By Paul Tuns
The Interim

On April 25, the U.S. Supreme Court heard arguments in the Stenberg v. Carhart case which will decide whether or not states have the right to ban partial-birth abortion (PBA).

The 8th Circuit Court of Appeals overturned a Nebraska law that prohibited PBA when abortionist Leroy Carhart sued the state saying that such a ban impedes his right to commit whichever form of abortion he sees fit. Pro-abortion groups also claim that the ban could prohibit other abortion methods because of supposedly vague wording in the statute.

Nebraska Attorney-General Donald Stenberg wants the ban reinstated because the procedure “borders on infanticide.” Stenberg said “The state interest here is in drawing a bright line between abortion and infanticide.” He said that “If a state can’t ban a little-used, particularly barbaric procedure where other alternatives are available, then essentially the state can’t regulate any abortion procedures.”

Stenberg said the Constitution does not guarantee a right “to literally tear the arms and legs off of living, unanesthetized, mid- and late-term, human children, and-or pull them from the womb, puncture their skills and suction out their brains.”

During arguments, Justice Antonin Scalia described PBA as a “horror” involving the taking of “a living, unborn child” from the mother and “killing that unborn child.” Failing to ban PBA could “render society callous to infanticide.” He asked if that was not “a valid societal interest.”

Simon Heller, the lawyer representing Carhart, said none of the state’s purported interests “is sufficient to override” the “woman’s interest in her health and bodily integrity.” Heller claimed the ban is “so broadly written it could prohibit most second trimester abortions.”

Justice Scalia questioned Heller’s claim that the ban would outlaw all abortions because PBA and other methods were “distinctive procedures.”

He also asked Heller whether there was a state interest in “preventing the coarsening of matters through witnessing the destruction of a live human being outside the womb.” Heller evaded that question.

Heller also criticized the law because it did not include the classic pro-abortion exception for the “health” of the mother. Chief Justice William Rehnquist wondered whether “there will be doctors who will say that there is always a health exception.”

Justices Scalia, Rehnquist and Clarence Thomas appeared to favour to reinstating the law.
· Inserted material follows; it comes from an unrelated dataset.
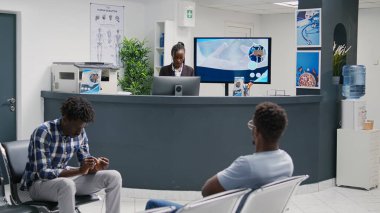 People with disease approaching reception counter to ask about insurance support, talking to receptionist about healthcare. Patients filling in medical report papers before meeting with doctor.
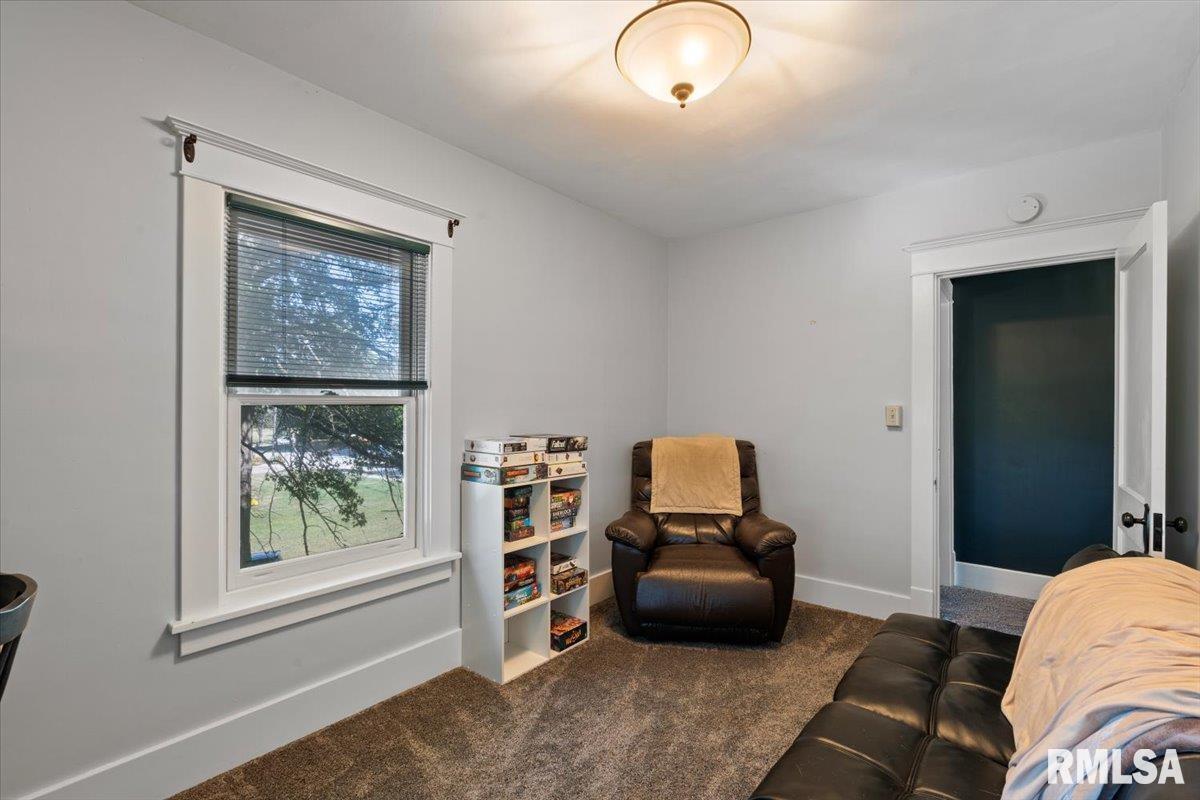101 South Stewart Street Geneseo, IL 61254 - Photo 32 of 41 a bedroom with furniture and a window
Four justices accepted various pro-abortion arguments. Justice Stephen Breyer wondered about the lack of safe alternatives; Justice John Paul Stevens said that the procedure was the most appropriate for some women; Justice David Souter said the law appeared “cavalier” in overriding the judgment of doctors; Justice Ruth Bader Ginsburg said the law does not take the health of the woman into account and does not further the life of the fetus since other abortion methods could be used anyway.

(Those arguments are countered by Focus on the Family’s Carrie Gordon Earll, who notes “Partial birth abortion is never medically necessary, is actually dangerous to the health of women and brutally kills a living child just inches from birth.”)

Most observers say the decision hinges on the swing votes of Justices Sandra Day O’Connor and Anthony Kennedy. Both seem inclined to maintain the lower court’s decision overturning the law. O’Connor raised concerns about the lack of exceptions for the health of the mother.

University of Notre Dame law professor Douglas W. Kmiec has noted the Supreme Court has already said that states can place some limits on abortions such as requiring parental notification for abortions performed on minors. The question becomes what are constitutionally acceptable limits.

A brief submitted to the court by the Family Research Council said the ban is “a reasonable and necessary means of protecting neonatal and partially born human life.”

Concerned Women for America (CWA) says it is significant that an abortionist and not patients are suing the state. “Their goal is to eliminate any rules or limits on abortion, with abortionists deciding for themselves with no oversight what methods to use, regardless of the pain inflicted on the patients,” says CWA.

A decision is expected by late June. It will be the first abortion ruling by America’s top court since 1992 when it affirmed Roe vs. Wade, which claimed a constitutional right to abortion.